When Mary, Lady Chudleigh, a little-known Devonshire writer of Puritan background, published a collection of poems in 1703, she was among a number of women writers who found themselves empowered to publish under the symbolic authority of the new female monarch, Queen Anne. 1 In her dedication of the volume to the queen, Chudleigh explicitly seeks out Anne's protection, praising her as "[t]he Greatest, the Best, and the most Illustrious Person of Your Sex and Age." 2 Chudleigh also includes in the volume three poems specifically addressed to Anne. With these several panegyrics to Anne marking the beginning, middle, and end of her collection, the role of the new Stuart monarch looms large in Chudleigh's volume of poetry.

We do not often associate female writers with panegyric, especially when it is employed as a form of political commentary, as it frequently was by the end of the seventeenth century. For, while the voices of many seventeenth- and early-eighteenth-century English women authors have been recovered, this has occurred primarily in strictly "literary" terms. In the realm of politics and history, the objects of study remain predominantly men, a phenomenon that continues despite our knowledge that adding female voices to the store of material we consider as we study early modern political culture can broaden and complicate our understanding of the time.

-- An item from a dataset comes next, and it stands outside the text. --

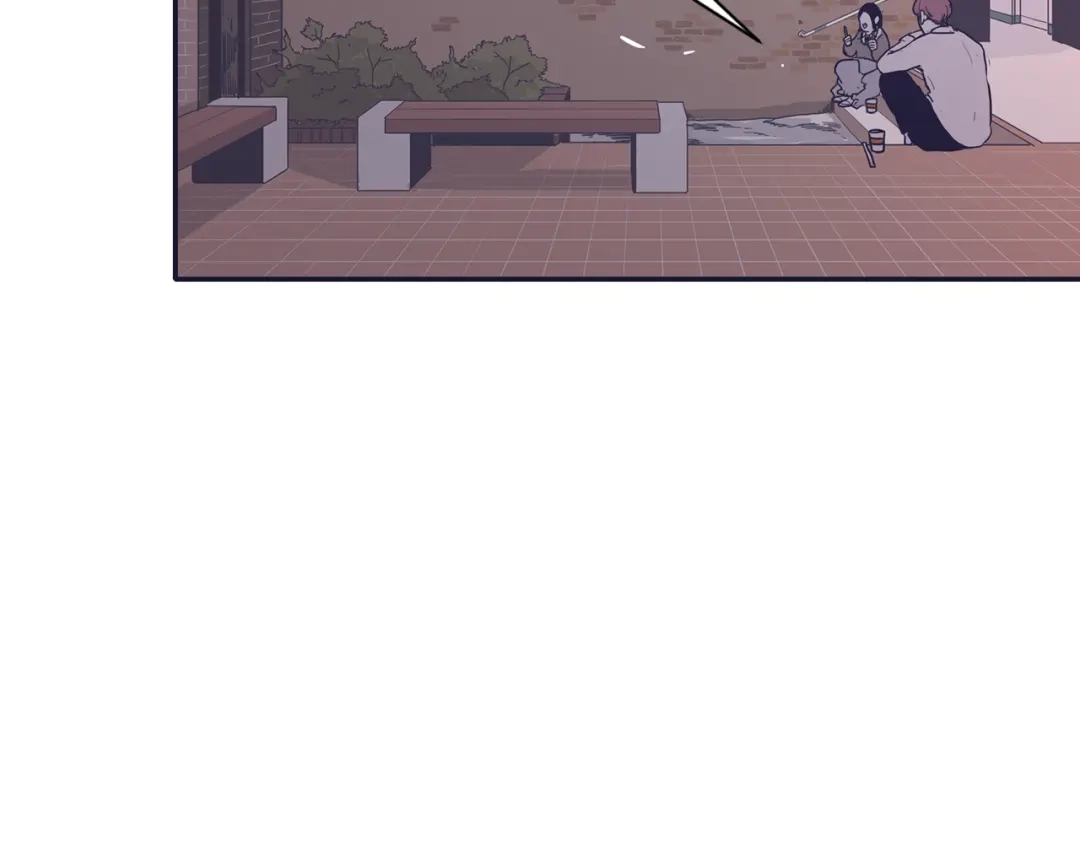 再次暧昧 第27话 除了你俩还有谁 第87页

Even when Chudleigh's political views have been taken note of, as they have been by several critics over the past century, they have been largely misunderstood. Although Hoxie Neale [End Page 475] Fairchild approaches the mark when he describes Chudleigh as a latitudinarian Whig, most other critics associate her with Toryism. 3 Ruth Perry defines Chudleigh as a "royalist" and Maren-Sofie Røstvig as among the "Tory die-hards who never were reconciled to the new regime of William of Orange." 4 Although Carol Barash's more recent work stops short of explicitly labeling Chudleigh's political stance, she too aligns Chudleigh with Tory women writers. 5 While Barash's discussions of early modern English women poets make significant inroads into breaking the boundary between women's writing and politics, and while she acknowledges the range of religious connections among those women poets who entered the public dialogue, her studies do not extend themselves to differentiating altogether the writers' specific political agendas. For instance, Barash does not sufficiently distinguish among the women poets regarding the degree to which they manifest rather than appropriate the "'liberty of conscience'" associated with Puritan religious and political culture. 6

One might assume that in the politically charged decades of the late seventeenth century women of dissenting background would have found themselves doubly marginalized and silenced—and thus prevented from participating in political dialogue. N. H. Keeble's research, however, demonstrates that dissenters—even nonconformists—did continue to write and publish during the Restoration despite the circumscription on their activities. In fact, as Keeble points out, those whose view toward public life continued to include a sense of duty to the world—to family, church rulers, neighbors—came primarily from dissenting groups. 7 The emphasis on active public service among dissenters is reinforced by Paula R. Backscheider's description of the influence on Daniel Defoe of his nonconformist teacher, Charles Morton, and clergyman, Samuel Annesley, both of whom "had a passion for practical teaching." 8 And Margaret J. M. Ezell has illustrated with examples of Quaker women writers that a rich style and voice developed during these decades among this most identifiable group of nonconformist authors. 9 Indeed, it appears that dissenters not only continued to write and publish during the Restoration but that a background in dissent may have provided a sense of civic knowledge and duty that enabled some women to overcome the inhibitions put on them as women.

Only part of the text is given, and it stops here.